Ce soir, Verra et Armand s’accusent. Alors que l’homme incrimine sa femme d’infidélité entre autres, celle-ci justifie son acte par l’incapacité de son mari à procréer. Ajoutant qu’elle a reçu l’autorisation d’Armand pour découcher afin que leur couple puisse avoir un enfant. Mais pour Armand, Verra pouvait le faire avec tout le monde sauf le beau frère. Le jour où il l’a su, il a cessé de vivre dit-il, pourtant il est resté à subir en silence jusqu’à ce soir… à la gare. Mais c’était trop tard. Au bout de 70 minutes de dialogue acharné, où chacun a dit ce qu’il reprochait à l’autre, ils ne sont pas parvenus à se trouver une porte de sortie, même pas le divorce.   

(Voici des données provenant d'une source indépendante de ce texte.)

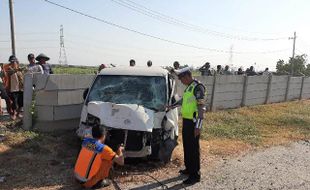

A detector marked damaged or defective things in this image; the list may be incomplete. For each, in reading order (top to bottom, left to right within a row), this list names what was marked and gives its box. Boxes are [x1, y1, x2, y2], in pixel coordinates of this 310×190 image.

cracked windshield glass [87, 74, 167, 110]
shattered windshield [86, 75, 168, 111]
crumpled hood [87, 101, 155, 132]
damaged van front end [77, 67, 179, 162]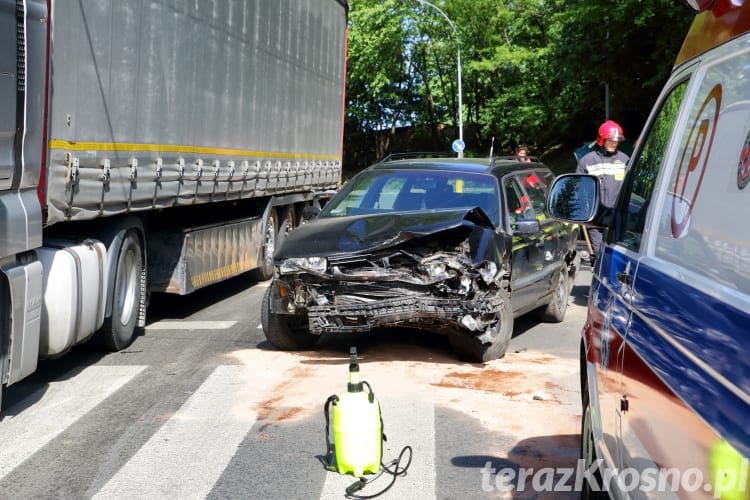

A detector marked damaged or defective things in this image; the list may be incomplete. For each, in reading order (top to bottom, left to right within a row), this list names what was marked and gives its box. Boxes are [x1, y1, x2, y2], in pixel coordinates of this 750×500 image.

broken headlight [278, 256, 328, 276]
crumpled car hood [280, 208, 496, 260]
severely damaged black car [262, 156, 580, 360]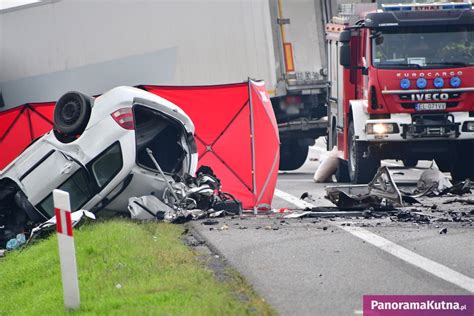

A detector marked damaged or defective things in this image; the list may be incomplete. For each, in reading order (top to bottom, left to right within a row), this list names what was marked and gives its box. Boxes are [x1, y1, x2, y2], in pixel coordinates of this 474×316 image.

broken windshield [372, 24, 472, 69]
overturned white car [0, 86, 196, 247]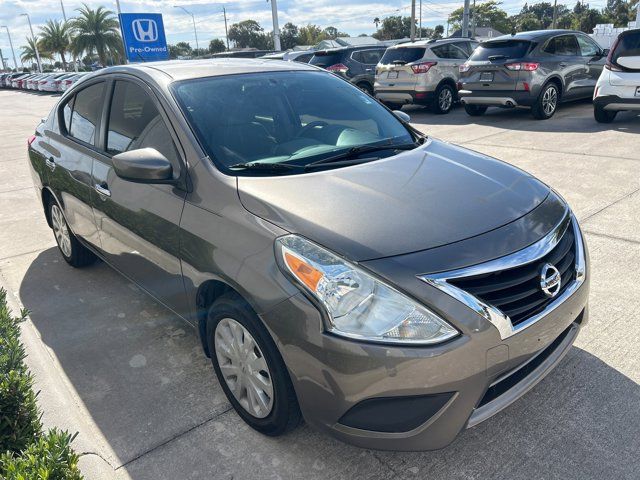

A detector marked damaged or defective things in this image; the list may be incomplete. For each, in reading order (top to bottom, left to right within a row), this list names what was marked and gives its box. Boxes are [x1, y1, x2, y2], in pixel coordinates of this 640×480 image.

pavement crack [116, 404, 234, 470]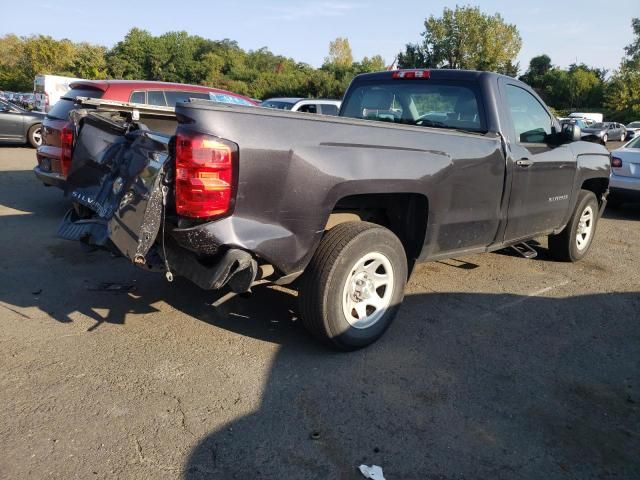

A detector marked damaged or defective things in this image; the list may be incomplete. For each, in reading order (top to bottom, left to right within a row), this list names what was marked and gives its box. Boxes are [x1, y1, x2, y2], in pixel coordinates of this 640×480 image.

damaged black pickup truck [58, 70, 608, 348]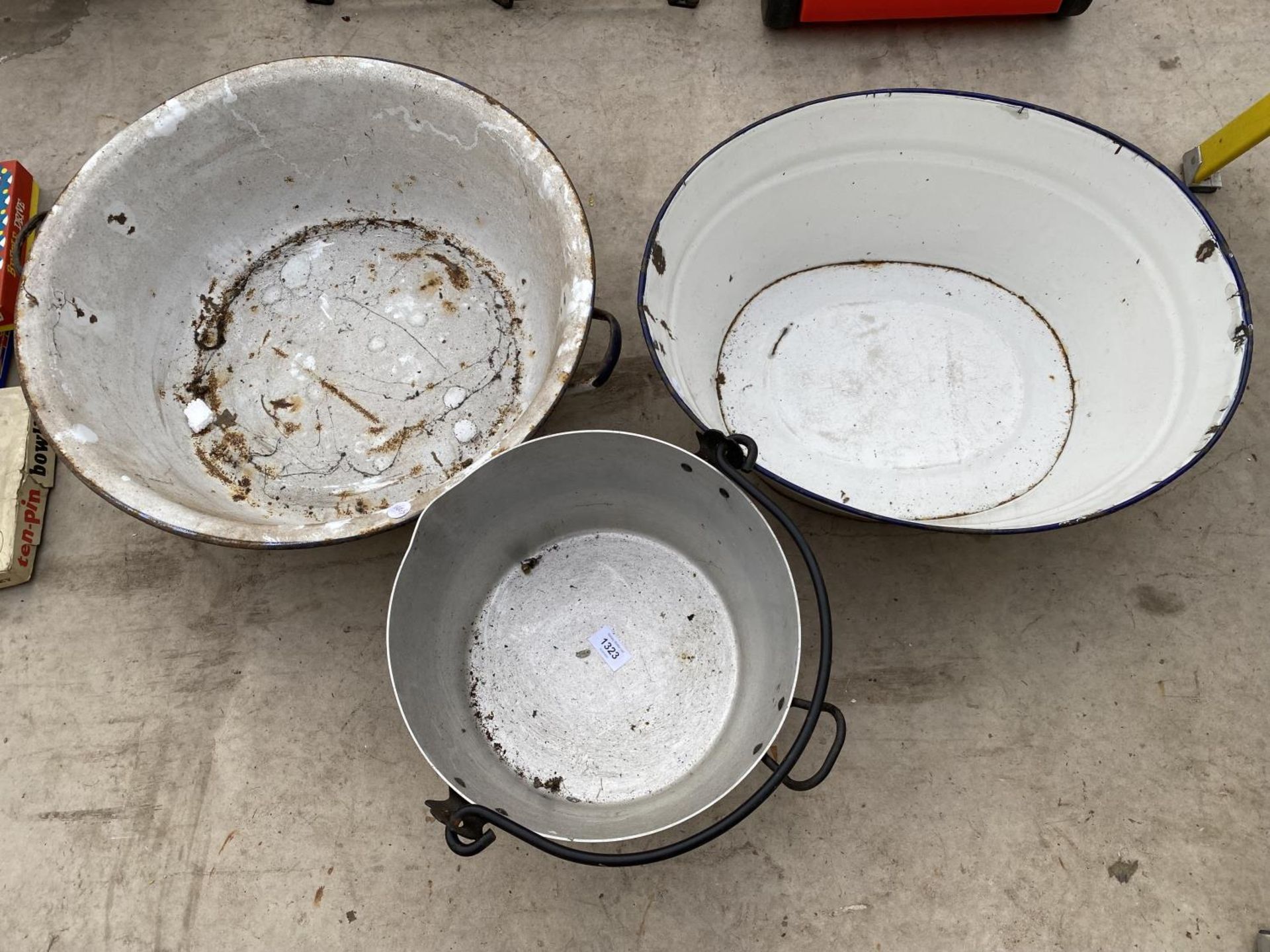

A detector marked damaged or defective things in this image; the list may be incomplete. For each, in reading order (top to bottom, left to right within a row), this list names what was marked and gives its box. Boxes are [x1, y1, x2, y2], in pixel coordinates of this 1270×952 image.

Ceci n’est qu’une illustration des nombreux couples apparemment normaux, mais qui se déchirent pendant des années sans pouvoir mettre ce qui les ‘’dévore’’ sur table, et en débattre franchement. Cette pièce est entre autres une invite au dialogue franc et à temps au sein des couples, pour préserver l’amour. « Je ne veux plus que les couples laissent pourrir des situations avant de les régler » confie l’auteur. Il y va de la paix dans la société en général.

Roger Gbégnonvi, au-delà de la passion du théâtre

Pour Roger Gbégnonvi, c’est une belle expérience de se retrouver sur scène avec Eliane Chagas autour du texte d’une jeune dramaturge béninoise. Des adultes de plus de 60 ans qui mettent leur talent à profit pour donner vie à l’inspiration d’une jeune femme, c’est la plus belle chose qu’il dit avoir aimée dans cette aventure. Une expérience qui doit être dupliquée dans d’autres secteurs, à l’en croire. « Si des adultes peuvent donner quelque chose aux jeunes pendant qu’ils sont encore là, il faut le faire » conseille l’ancien ministre de l’alphabétisation.